Exposing the Idiocy of Videocy: Case Study # 3
Stan Murmur & Evan Emory
The new idiot, as mentioned in the introductory material, is a participatory one. In participatory culture, viewers seem ready to engage with the new idiot in their own terms, regardless of how stupid or idiotic both the events and the responses may seem to others. As Avital Ronell points out in, during her European Graduate School lecture featured at the start of the video, in her retelling of a Kafka parable, who are we to say for whom the call was intended? And we extend her idea in this case study to ask, who are we to judge this fearlessness of YouTube viewers to answer a call, any call? Theirs is a fearlessness of participation and exposure that more and more frequently seems to win them, as Ronell calls it, “a prize.”
As demonstrated by the Wallace example, often students fearlessly record, upload and respond to videos on YouTube in very fluid, lateral ways, and with little regard for consequence. Moreover, it also doesn’t seem to bother them when their teachers and role-models do, too. Stan Murmur, an art teacher during the day and artist in his own time, filmed a demonstration of his “butt-print” process that was uploaded to YouTube. Students who found the video on YouTube were delighted, and this collapsing of boundaries between student and teacher exemplifies the lateral, rhizomatic paradigm in which we now mostly live. Participatory culture seems able to embrace vulnerability on both sides of a given boundary.
In another example, Evan Emory spliced together a video of his harmless performance for a group of children with some explicit lyrics recorded later. In this case, too, it wasn’t the students who were perturbed. Rather, it was the parents, the administration, the “old guard” as the “old idiot,” a notion still invested in the traditional hierarchy of student/teacher relationships, that objected to not only the idiocy, but perhaps also the vulnerability and exposure that the men in these videos began to represent.
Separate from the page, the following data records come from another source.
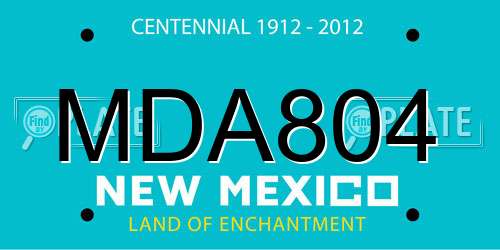 MDA804 New Mexico License Plate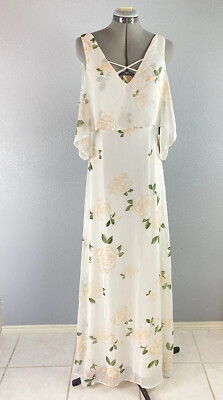 Lulus Womens The Very Thought of You White Floral Print Maxi Dress Size M  NWT | eBay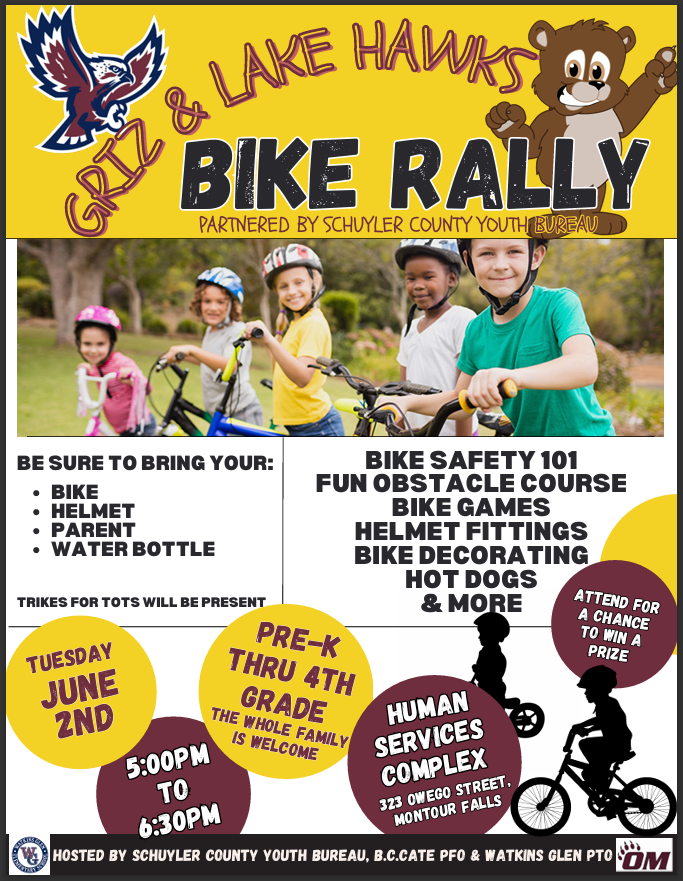 om_schools's tweet photo. 🚴‍♀️ Join us for the Grizzly &amp; Lake Hawks Bike Rally on June 2 from 5–6:30 PM at the Human Services Complex in Montour Falls!

Pre-K–4 students and families can enjoy bike safety activities, games, prizes, hot dogs, and more. 🚲🐻 https://t.co/mwkoG8zNFP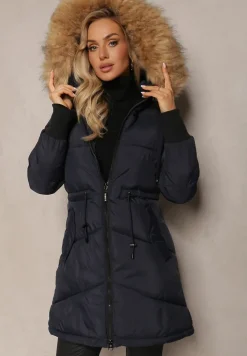 Granatowa Kurtka Taliowana z Kapturem i Odpinanymi Rękawami Raga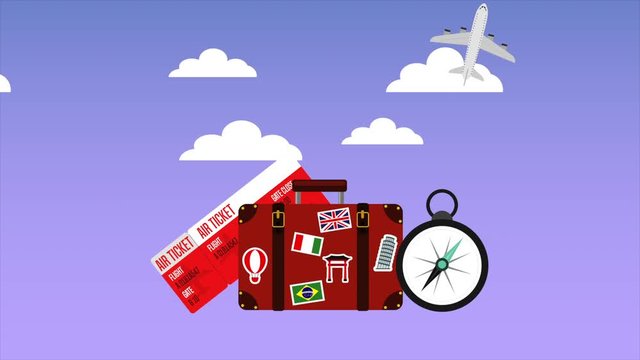 suitcase with travel items animation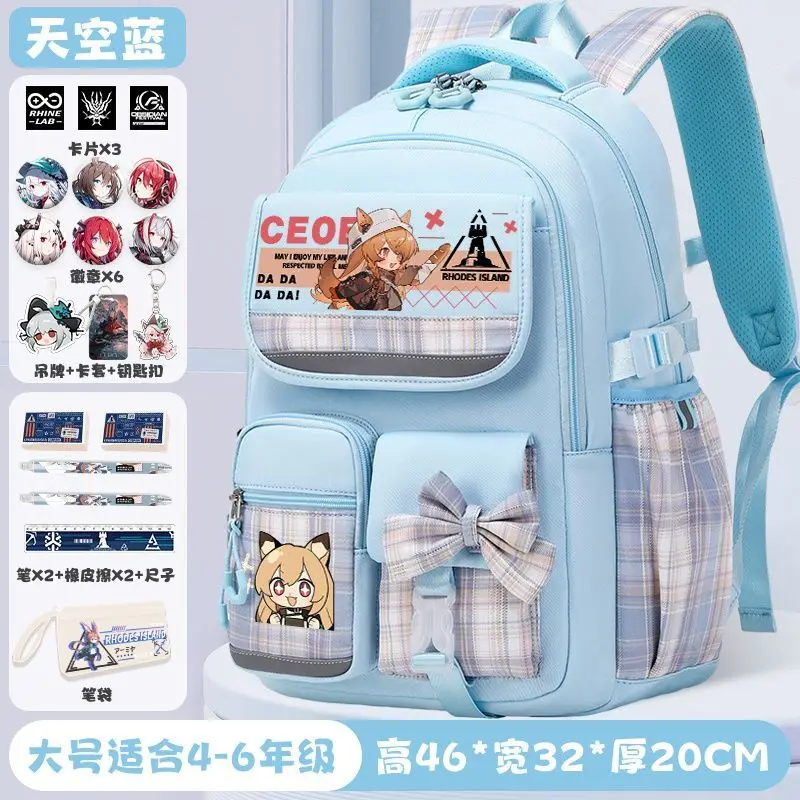 Arknights Collaboration Elementary Burden-Reducing Backpack For Girls, Large Capacity Backpack, Niche Middle School Student A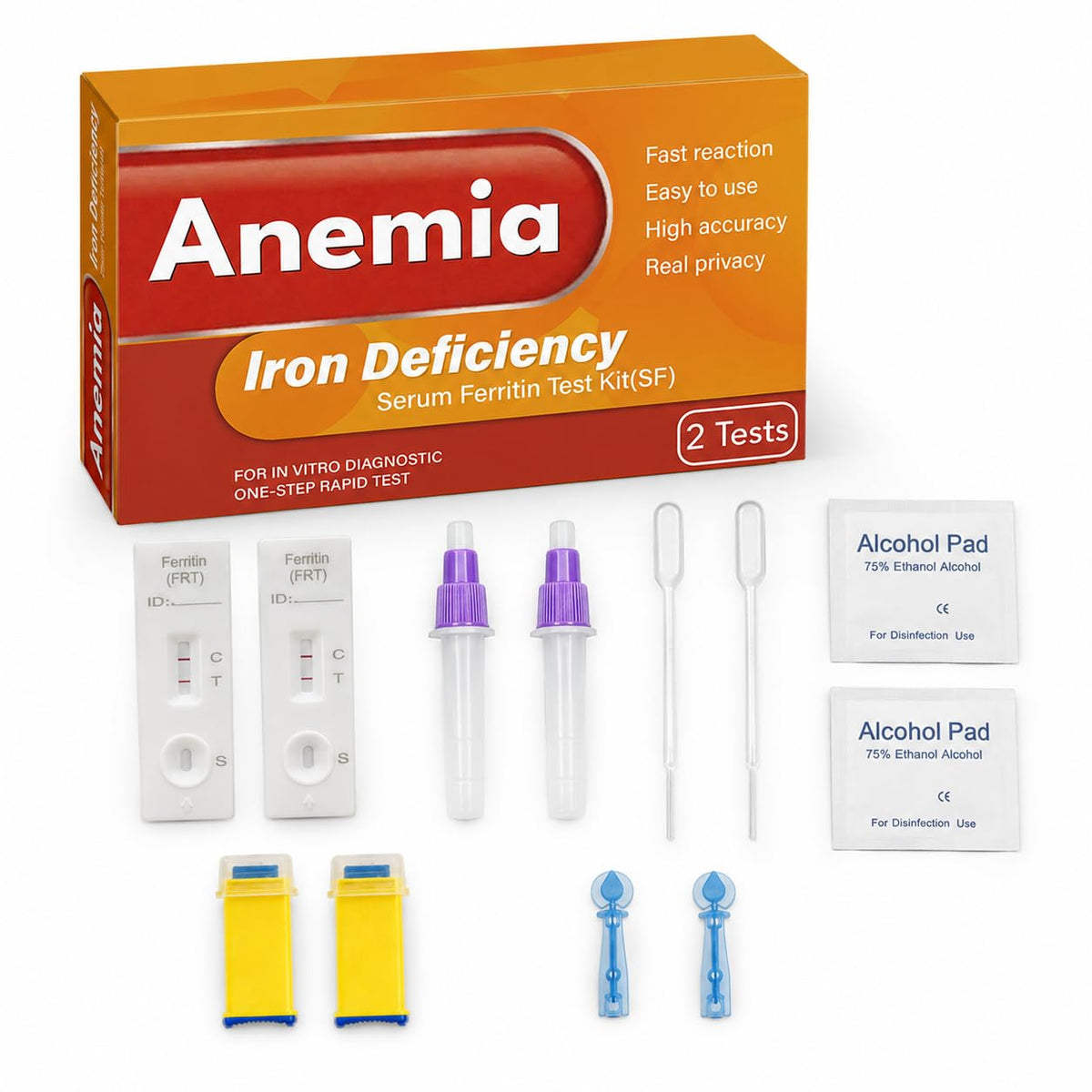 Iron Deficiency at Home Test Kit 2-Pack K376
In our introduction, we claim that the fallout of cases such as these presents an ethical challenge to educators. For both Murmur and Emory, the videos led to catastrophe: they lost their jobs and went to court. In Murmur’s case, he sued the school district and lost. In Emory’s case, he was criminally prosecuted and sentenced to two months in jail. One might argue that their catastrophes were essential to maintaining the fallacy that teachers are in positions of authority. As Slavoj Žižek says in a video lecture, “It’s the catastrophe itself which keeps the dream alive.” Perhaps the viewers make events such as these become catastrophic so that the disappearance of the idealized notion of student/teacher relationships can be more easily ignored. One finds oneself protesting the violation of something that has already disappeared.
The events of Murmur and Emory were opportunities to answer the call. These teachers were engaged in vulnerable, exposed, creative acts. It doesn’t matter that the event wasn’t specifically a call to students or to teachers. Murmur and Emory deserve applause for their performances, and so too do the viewers who, in answering the calls, unwittingly created catastrophes for the performers.